A travers leur condamnation, ne cherche-t-on pas à museler des voix qui s’opposent à la gestion de la transition ?

Beaucoup ont appelé à suspendre les manifestations. On a vu la réunion de sécurité tenue par le chef de l’État qui était une invite à maltraiter d’éventuels manifestants qui passeraient outre les mesures prises. Ce sont des mesures d’intimidation. On a vu comment les forces de l’ordre ont quadrillé la ville de N’Djaména et même le pays.
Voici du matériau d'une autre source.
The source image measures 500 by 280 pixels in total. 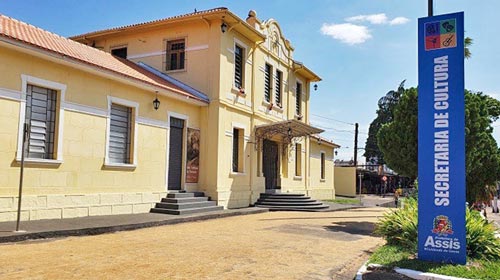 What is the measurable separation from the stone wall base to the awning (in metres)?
6.55

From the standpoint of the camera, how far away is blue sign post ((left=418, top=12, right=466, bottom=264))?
22.7ft

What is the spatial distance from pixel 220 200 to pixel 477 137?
908 cm

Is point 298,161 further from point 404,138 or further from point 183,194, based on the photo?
point 404,138

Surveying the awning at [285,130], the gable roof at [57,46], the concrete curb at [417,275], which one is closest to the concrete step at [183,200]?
the gable roof at [57,46]

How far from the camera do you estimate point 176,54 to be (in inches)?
721

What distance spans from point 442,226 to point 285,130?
564 inches

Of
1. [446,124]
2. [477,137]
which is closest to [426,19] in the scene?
[446,124]

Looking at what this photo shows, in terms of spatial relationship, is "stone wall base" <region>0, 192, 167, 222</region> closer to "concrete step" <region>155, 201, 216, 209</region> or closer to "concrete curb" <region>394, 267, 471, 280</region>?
"concrete step" <region>155, 201, 216, 209</region>

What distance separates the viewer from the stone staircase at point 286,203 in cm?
1920

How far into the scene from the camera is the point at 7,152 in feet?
33.7

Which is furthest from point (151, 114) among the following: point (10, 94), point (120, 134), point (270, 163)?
point (270, 163)

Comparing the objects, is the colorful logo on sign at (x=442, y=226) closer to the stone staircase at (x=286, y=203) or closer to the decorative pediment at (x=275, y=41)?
the stone staircase at (x=286, y=203)

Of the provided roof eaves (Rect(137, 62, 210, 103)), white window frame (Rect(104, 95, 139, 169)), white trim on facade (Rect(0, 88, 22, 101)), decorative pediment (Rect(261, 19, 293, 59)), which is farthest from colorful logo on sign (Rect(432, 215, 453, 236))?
decorative pediment (Rect(261, 19, 293, 59))

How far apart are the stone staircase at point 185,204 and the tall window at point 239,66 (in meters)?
5.16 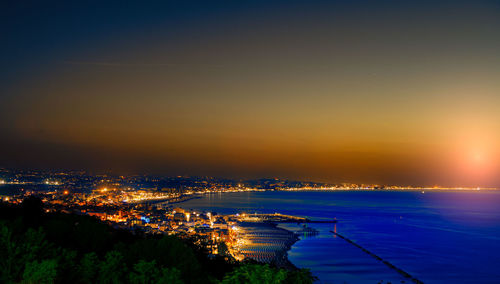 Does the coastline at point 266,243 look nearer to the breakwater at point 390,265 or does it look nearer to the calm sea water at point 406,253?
the calm sea water at point 406,253

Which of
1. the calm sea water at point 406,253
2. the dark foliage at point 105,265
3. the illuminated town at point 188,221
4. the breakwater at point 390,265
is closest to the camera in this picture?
the dark foliage at point 105,265

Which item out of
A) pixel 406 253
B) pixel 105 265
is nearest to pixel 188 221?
pixel 406 253

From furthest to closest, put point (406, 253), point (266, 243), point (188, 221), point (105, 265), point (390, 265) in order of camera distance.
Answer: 1. point (188, 221)
2. point (266, 243)
3. point (406, 253)
4. point (390, 265)
5. point (105, 265)

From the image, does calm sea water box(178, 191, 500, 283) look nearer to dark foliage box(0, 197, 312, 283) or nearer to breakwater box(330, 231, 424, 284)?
breakwater box(330, 231, 424, 284)

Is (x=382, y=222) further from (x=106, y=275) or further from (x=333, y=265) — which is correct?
(x=106, y=275)

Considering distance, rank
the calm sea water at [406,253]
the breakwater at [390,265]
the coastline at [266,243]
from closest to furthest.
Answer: the breakwater at [390,265] → the calm sea water at [406,253] → the coastline at [266,243]

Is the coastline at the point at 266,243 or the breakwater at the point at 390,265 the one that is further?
the coastline at the point at 266,243

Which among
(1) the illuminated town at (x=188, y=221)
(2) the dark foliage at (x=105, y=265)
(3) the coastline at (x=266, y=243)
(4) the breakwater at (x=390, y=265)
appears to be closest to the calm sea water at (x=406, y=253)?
(4) the breakwater at (x=390, y=265)

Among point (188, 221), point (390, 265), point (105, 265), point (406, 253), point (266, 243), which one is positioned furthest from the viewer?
point (188, 221)

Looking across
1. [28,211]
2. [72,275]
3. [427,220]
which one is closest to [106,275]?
[72,275]

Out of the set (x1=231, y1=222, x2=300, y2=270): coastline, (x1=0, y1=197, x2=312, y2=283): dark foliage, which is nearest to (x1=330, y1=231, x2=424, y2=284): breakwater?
(x1=231, y1=222, x2=300, y2=270): coastline

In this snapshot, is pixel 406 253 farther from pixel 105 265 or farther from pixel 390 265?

Pour autant, tel que je connais nos compatriotes, ce n’est pas ça qui va refroidir leurs ardeurs.

Quel impact peut avoir ces évènements sur le processus du dialogue ?

Ce qui pointe à l’horizon, c’est justement le dialogue. Et pour que le dialogue réussisse, il faut qu’il soit inclusif. L’un des partenaires incontournables pour ce dialogue est Wakit Tamma.

Apparemment, on cherche à le fragiliser, ce qui va le pousser à durcir sa position. Ce qui reviendra à dire que toute tentative de rapprochement avec le pouvoir sera très difficile. Si Wakit Tamma décide de ne pas y participer, ce sera une entorse au pied du comité d’organisation. Ce qui fait que cette condamnation est une très mauvaise nouvelle. C’est un très mauvais signal que le gouvernement envoie aux Tchadiens. On est revenu à restreindre les libertés collectives. Le Tchad a fait un recul. Ce n’est pas de bonne augure pour la démocratie tchadienne.

Dans ce cas, que doit faire le gouvernement pour rectifier le tir?

A l’approche du dialogue, il faut décrisper la situation. Il faut faire en sorte que les droits de manifester soient garantis. Il faut également que la liberté syndicale soit assurée.